На следующее утро собрались Ефим Ковальчук — председатель Центрального Бюро профессиональных союзов, старый коммунист, Григорий Раев, Петр Кушнарев, Суханов, Степанов-Бродский, Громаздский, Тимофеев, бухгалтер Григорьев. Я доложил им о поставленной перед нами задаче и высказал свои соображения, с чего бы следовало начать нам работу. Григорьев подробно рассказал о рабочем контроле, созданном во Временных мастерских и на Сучанских копях. Долго спорили, какими путями идти, и наконец решили положить в основу опыт Сучана и Временных мастерских. Кушнареву, мне и нашим специалистам поручили разработать проект плана, а с Сучана пригласили Аллилуева с работниками аппарата.

Двое суток сидели мы над составлением плана рабочего контроля. Огромные трудности при этом возникали в связи с нашей неосведомленностью и почти полной неграмотностью в хозяйственных и экономических вопросах.

Первым делом мы решили охватить рабочим контролем только семь главных предприятий: Сучанские копи, Временные мастерские, Дальневосточный судоремонтный завод, порт, пароходство, мельничный комбинат и кожевенный завод Зильгальва.
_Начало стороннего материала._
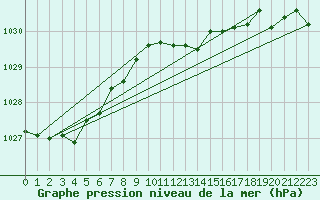 Courbe de la pression atmosphrique pour Nordnesfjellet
На этих предприятиях комиссии рабочего контроля должны были входить в курс управления производством и как можно глубже проникать в их экономику. Для общего руководства было решено создать Центральный Совет рабочего контроля из председателей рабочих комитетов и председателей комиссий рабочего контроля.

Когда мы закончили работу и покинули кабинет, до невозможности прокуренный, все с облегчением вздохнули.
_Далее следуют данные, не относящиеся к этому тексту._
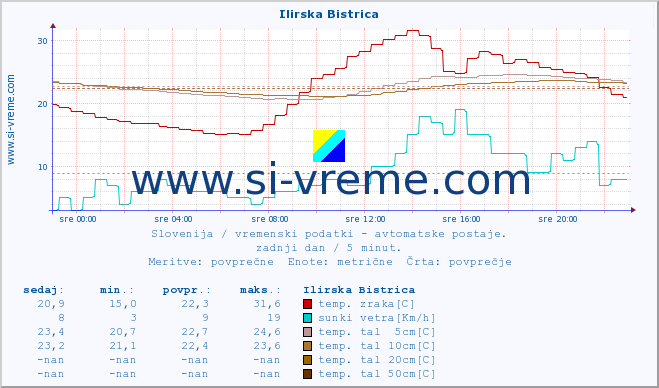 POVPREČJE :: Ilirska Bistrica :: temp. zraka | vlaga | smer vetra | hitrost vetra | sunki vetra | tlak | padavine | sonce | temp. tal  5cm | temp. tal 10cm | temp. tal 20cm | temp. tal 30cm | temp. tal 50cm :: zadnji dan / 5 minut.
— Какая это будет интересная работа, — мечтательно проговорил Григорьев. — Только, знаете, надо будет многое ломать... С директорами предприятий придется нам повозиться. Аппараты у них: инженеры, бухгалтеры, мастера... Ох и трудно будет ладить с ними... Крепко они связаны между собой.

Днем со всеми своими планами я пришел в Совет. Суханов меня встретил словами:

— Вот, получай. Приказ тебе от Совнаркома. — Он подал мне телеграмму.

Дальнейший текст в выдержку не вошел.